|Name: _________________________||Period: ___________________|
This test consists of 5 short answer questions, 10 short essay questions, and 1 (of 3) essay topics.
Short Answer Questions
1. How does the Eastern communist regard everything from the West?
2. Every man considers his mode of life as what?
3. Citizens of communist countries become adept in what skill, according to Milosz?
4. According to several examples from Eastern history, how is Ketman a way of living?
5. The center planned that all Eastern European countries would speak which language?
Short Essay Questions
1. Why does man find such joy in the "collective warmth" of which Milosz speaks?
2. What is historic fatalism and how does it affect even a man's most personal interactions?
3. Is Ketman necessary to the citizen of the New Faith? Why?
4. How does national Ketman satisfy, as much as possible, the nationalist leanings in a man? Why is this an important Ketman?
5. Several times, Milosz describes bombed Warsaw as the cratered moon. How is this significant?
6. What significance is there in the fact that Murti-Bing comes in pill form?
7. Why does the man entering the gate of communism feel that he is doing something wrong?
8. From several references to Tito throughout Chapters 2 and 3, what can the reader infer about him? What does the center gain by making an example of him?
9. Although only a couple presses were kept intact, in order to print Nazi propaganda, the underground writing flourished. Why?
10. What advantages does the Center gain with the idea of "cosmopolitanism"?
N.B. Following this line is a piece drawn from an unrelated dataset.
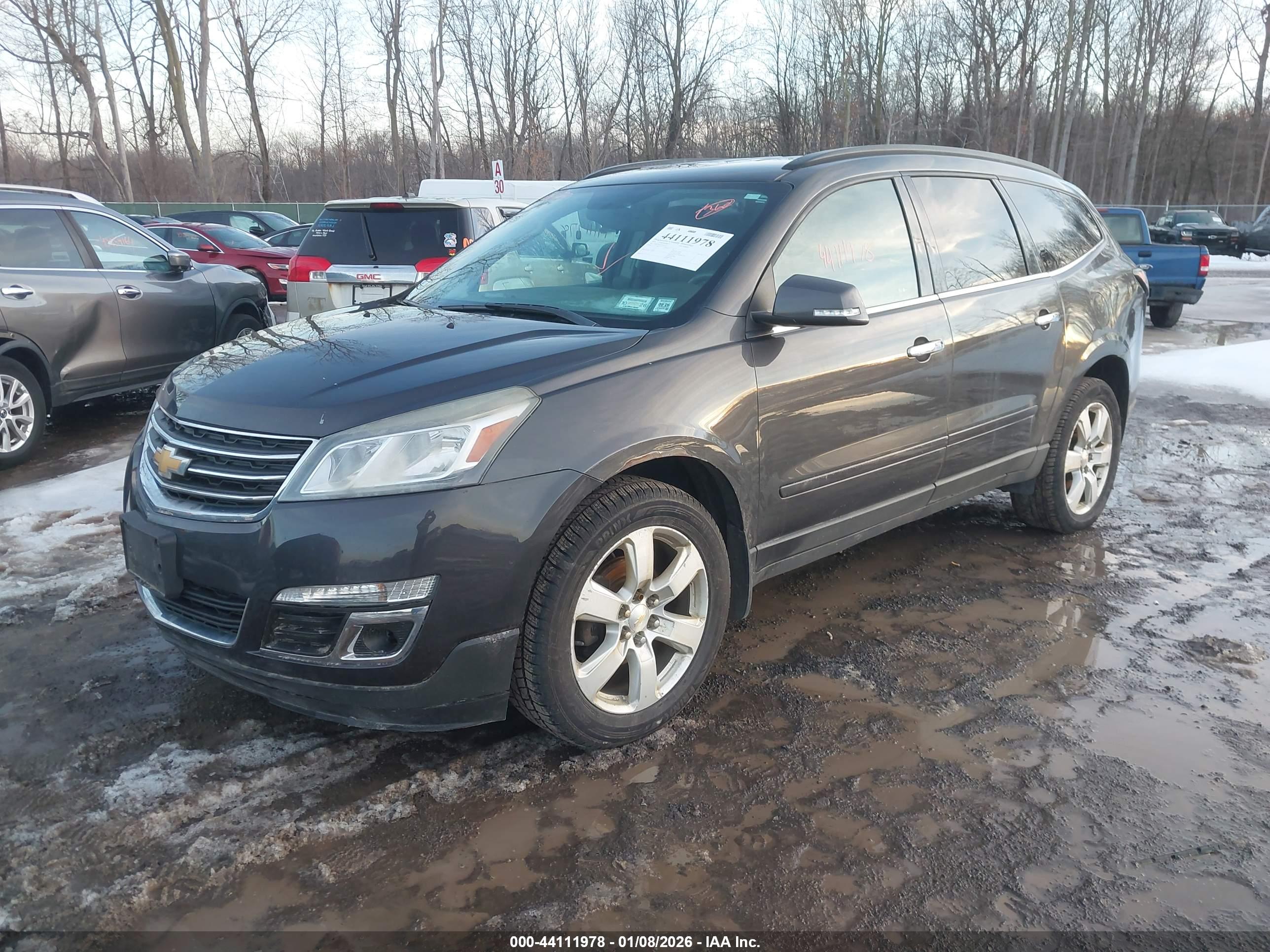 CHEVROLET TRAVERSE image 2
Write an essay for ONE of the following topics:
Essay Topic 1
Through Party propaganda and education, communism suppresses man's ability to think for himself. How do the people presented in The Captive Mind either fight or accept this suppression? Consider only the main subjects of the book, including their writing for the underground or for the party.
Essay Topic 2
Milosz repeatedly returns to the idea that religion is dead. Is this true? If so, how is it replaced in modern society? Keep in mind his argument that man craves the mysterious, and so religion is necessarily replaced.
Essay Topic 3
In different ways, the Polish people learned to contain and even condense their emotions, letting only the most elemental emotions show. What does this say about man's ability to survive difficult times? To what extent were the people reduced to the physiological level of hunted animals? Use examples from the book to show how emotions were stripped down to their most basic level.